Could this be the week that Olivia Mehaffey announces herself to the golfing world?
The Scarva girl has for many years been tipped as a golfing superstar of the future.
And these days, that future seems to be creeping closer by the day.
Mehaffey is now in Buckinghamshire for this weekend’s RICOH Women’s British Open at Woburn - and she arrives as a European medal winner.She picked up a bronze in last week’s European Ladies’ Amateur Championships, a big Brucey bonus in the build-up to a career highlight.
This weekend, she will rub shoulders with the real cream of the crop of the professional game at the biggest individual tournament in the world.
As an 18 year-old amateur, that’s pretty special.
“It’s a completely new experience,” she said.
“This is what I want to do when I’m older so getting the opportunity to experience it now is just amazing.”
The +5 handicapper still has the language of a young girl waiting for adult life to begin.
As Irish golfers have found out in the past, one major championship can certainly speed up the process.
Rory McIlroy and more recently Paul Dunne have discovered that teeing it up as an amateur at the Open can win fans worldwide.
Dunne even famously led the championship after three rounds just a year ago.
In the ladies’ game, Stephanie Meadow finished third in the US Open, which just happened to be her professional debut.
And now, in the British Open, Olivia has the opportunity to match their overnight fame.
She’s well inside the top 10 in the World Amateur Golf Rankings and she’s capable of springing a few surprises, although just making it to the Open is a massive achievement in itself.
“Yeah, I mean, you think about what Paul and Stephanie did for sure,” Olivia said. “It’s amazing what they both did in huge events. But I’m just going to try to play my best and take it one shot at a time and make sure I take everything in.
“It will be cool to be surrounded by the best pros and to get mingling with them. Any chance I get to learn from them, I will certainly take.”
In an ever lengthening list of achievements, Olivia has won the Irish, Welsh and Scottish Championships while also playing for Team GB&I in the Curtis Cup.
None of that comes close to playing in the British Open, although Olivia’s going to try as much as possible to make it a ‘normal’ tournament.
“I’m just going to play like it’s the same event as last week,” she explained. “I’m excited and of course I am going to take in the atmosphere but I am there to do my own thing and treat it like any other event.
“I tried to expect what I would feel like when I was preparing to play in the Curtis Cup and it was so much more than I expected.
“My coaches want me to enjoy it and gain experience. To be playing in a major at the age of 18 as an amateur is incredible.”
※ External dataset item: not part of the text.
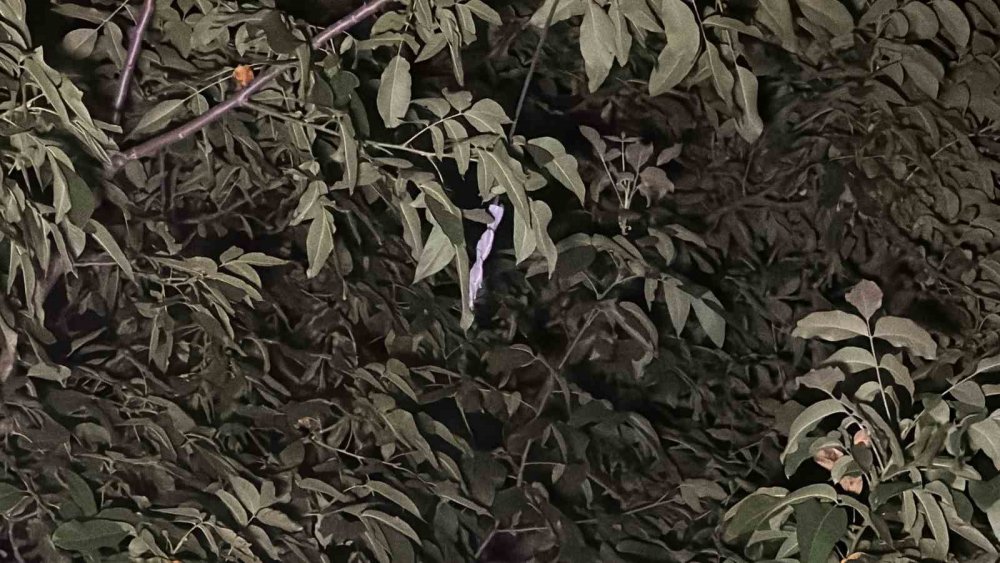 Patlama sesi mahalleliyi sokağa döktü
Some things, though, just won’t be normal. For a start, no matter how big the amateur game can get, the likes of World Number One Lydia Ko aren’t going to be milling about. Secondly, Olivia will get to tee it up in front of some of the biggest crowds in women’s golf.
“I’m looking forward to teeing off at the first or playing up the 18th,” she pondered. “I think the atmosphere will be cool and playing with stands and tv towers. I am well used to playing in front of crowds and I love it so that’s exciting.
“There are a good few people coming over from my two clubs, Tandragee and Royal County Down, and of course my family will be there as well so it will be nice to have some familiar faces in the crowd.
“I really am looking forward to getting going now - to travel from the biggest amateur event to the biggest pro event is a great buzz.”
Olivia is one of only five amateurs in the field, with Slieve Russell girl Leona Maguire also set to compete.
And whatever happens, no doubt this will be the first of many major championships.